● **Instructions to follow**
Return the lines of the material below exactly, beginning with the line that has "PRADA Tote Bag" in it and finishing with the line that has "Gold Plated Traditional" in it. Leave all pictures aside.

● **Task inputs**
# # #

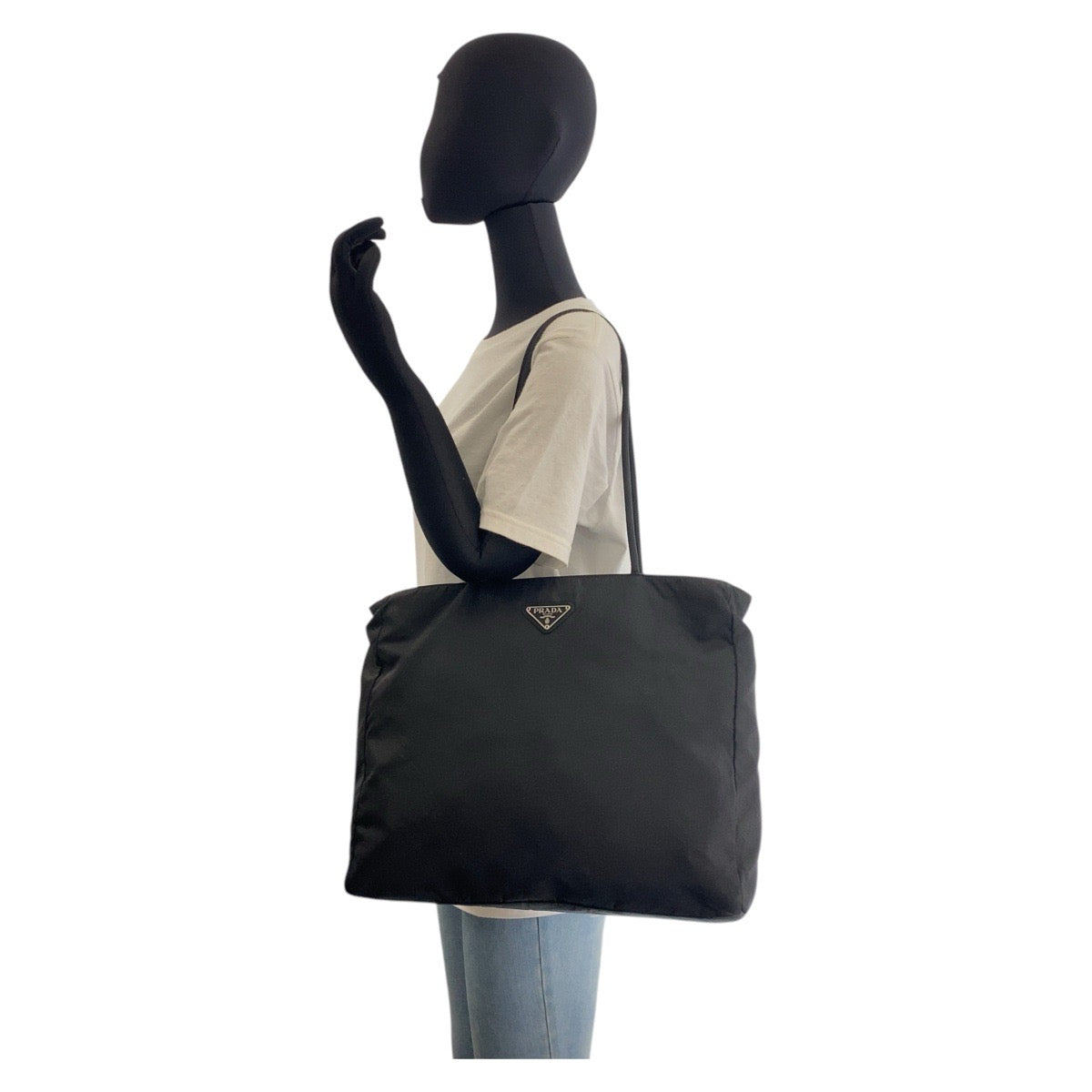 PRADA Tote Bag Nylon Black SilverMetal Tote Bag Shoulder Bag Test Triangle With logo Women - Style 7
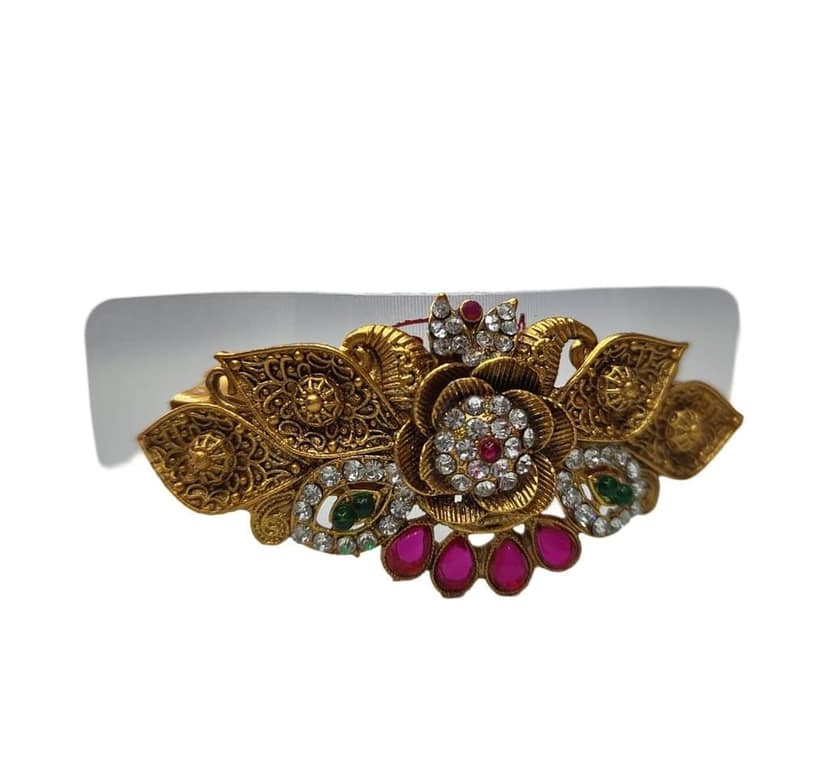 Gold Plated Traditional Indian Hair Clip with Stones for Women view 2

# # #

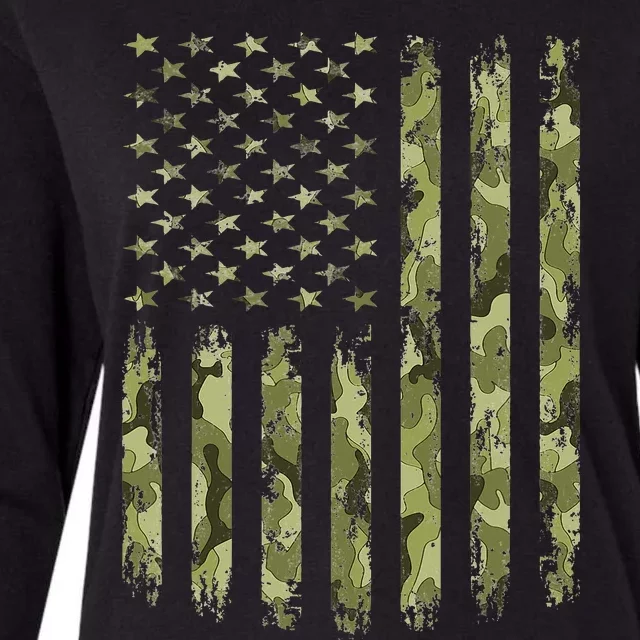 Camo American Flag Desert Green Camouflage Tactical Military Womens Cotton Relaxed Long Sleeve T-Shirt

# # #

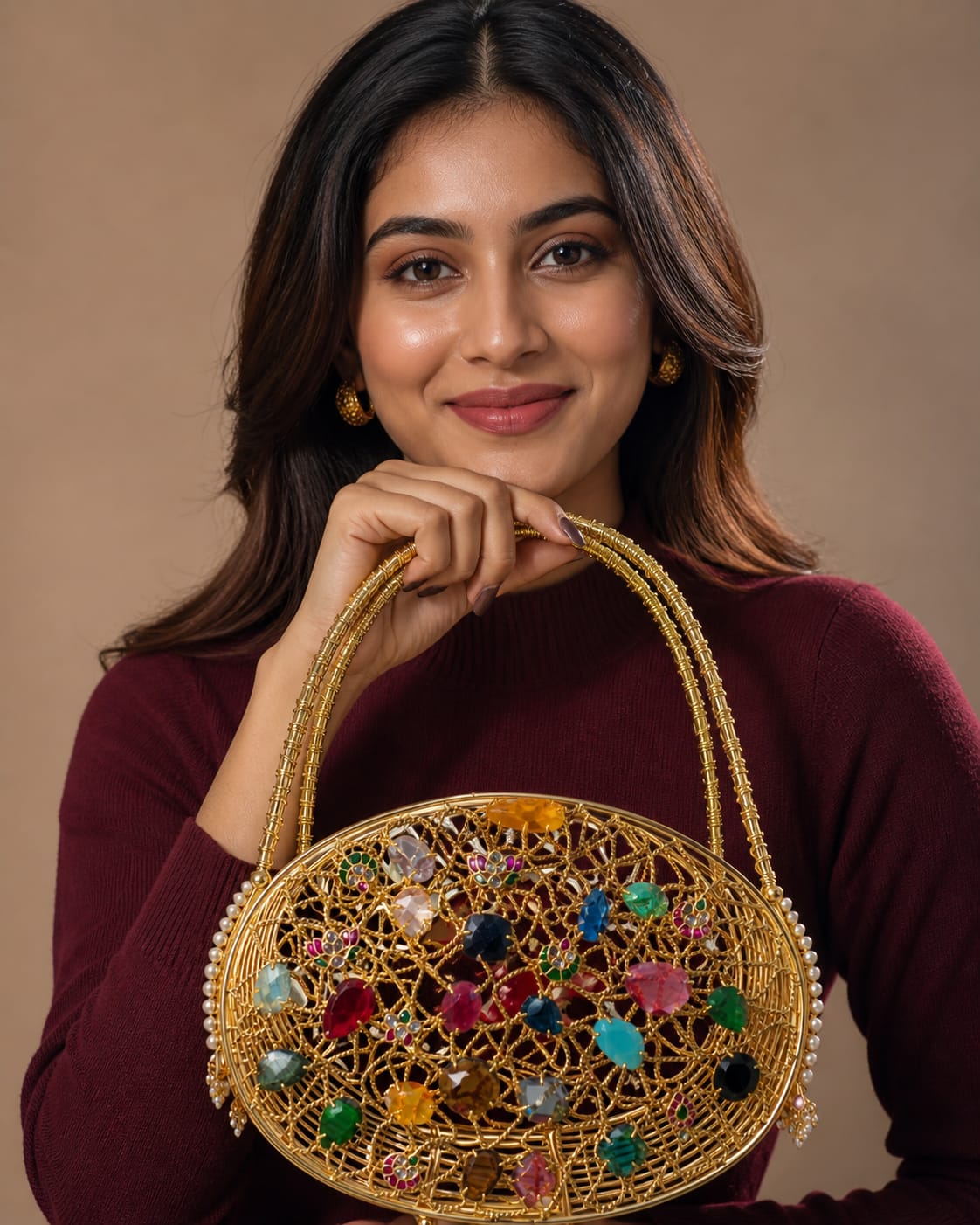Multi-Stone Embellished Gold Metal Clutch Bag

# # #

● **Task response**
 PRADA Tote Bag Nylon Black SilverMetal Tote Bag Shoulder Bag Test Triangle With logo Women - Style 7
 Gold Plated Traditional Indian Hair Clip with Stones for Women view 2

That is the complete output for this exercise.